Based on the prompts created above, and a list of image filepaths, the embeddings for the CLIP model were generated and saved.

Images were loaded using python Pillow library, later sent to target device (cuda if available) and processed by calling the clip_model.encode_image() function, while inside a with torch.nograd() statement. The resulting embedding was passed along with its corresponding filename to a pandas DataFrame structure, later saved to a pickle file to preserve the embeddings in numpy arrays.

For the text prompts, a JSON file was read and later tokenized by torch.cat() and clip.tokenize() functions. The tokenized inputs were encoded using clip_model.encode_text() and normalized while keeping its dimensions (the same process was also applied to the images).

3. Evaluate similarities between prompts

With images and text embeddings saved to disc, we were able to compare similarities between every image to all available prompts by calculating 100.0 * image_features @ text_features.T, where @ is matrix multiplication and .T is the transposed form of the vector. The result of this operation is a list with a similarity score between the target image and each of the available text prompts.

4. Predict the final gender label

The list of similarities is then evaluated based on two functions, an average sum function and a sotmax top[k] function. The average function sums up all the Male prompts similarities vs all the Female prompts similarities in order to choose the bigger. The top[k] selects the k-th highest scores of each class and sum them up into the final score. The output of both functions is considered the final classification label for the current image.

5. Measure results

The prediction for each image is saved as a new column in the original dataset csv file. This allows us to compare between both columns in order to measure the accuracy of the predictions, while also extracting some insights about the classification performance.
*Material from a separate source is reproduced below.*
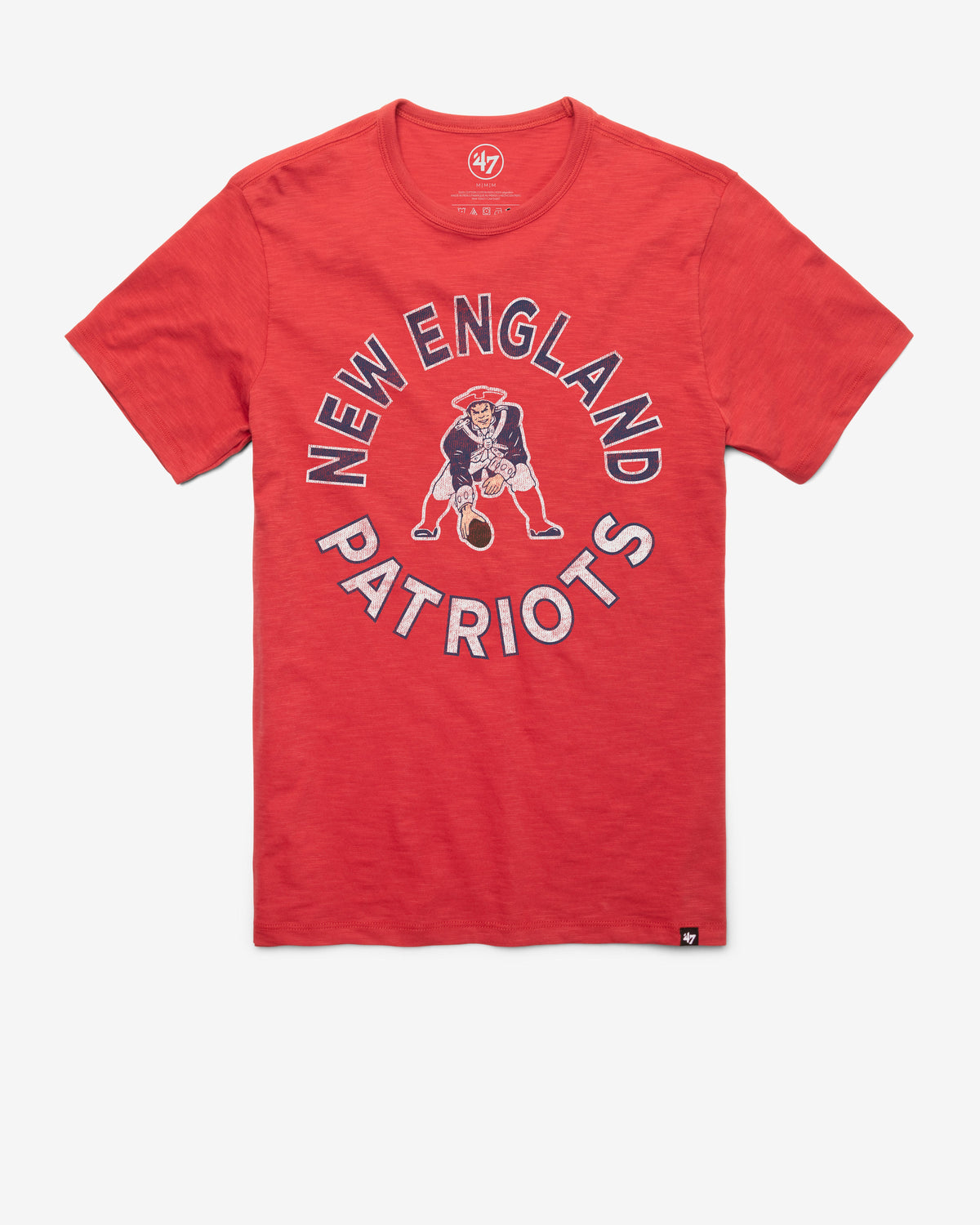 NEW ENGLAND PATRIOTS HISTORIC ROUNDED '47 SCRUM TEE RESCUE RED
General accuracy is measured comparing the ground truth "gender" column with the predictions over at "gender_preds" column. Based on this general approach, we are able to measure the performance over more specific samples of the data, such as accuracy by gender, age and race.

About the available labels

There are 3 available sets of labels that we can choose from. The first and simplest one is the raw_gender_labels, with only Male and Female prompts, the second one is the original_clip_labels where we try to replicate the labels used by the authors, and finally there is the set presented here, called age_race_gender_labels.

About Top K prediction

The original paper does not says anything about the prediction method, and as such we assume that they employ a simple argmax to retrieve the most similar prompt from the list. This is equal to our method of Top K with k = 1, and as such this is the used method when we try to replicate the original paper results. Beyond that, we also experimented with different k values, where the logic is that it sorts the similarity scores from highest to lowest, and sum up the first k samples, each for every category (male and female).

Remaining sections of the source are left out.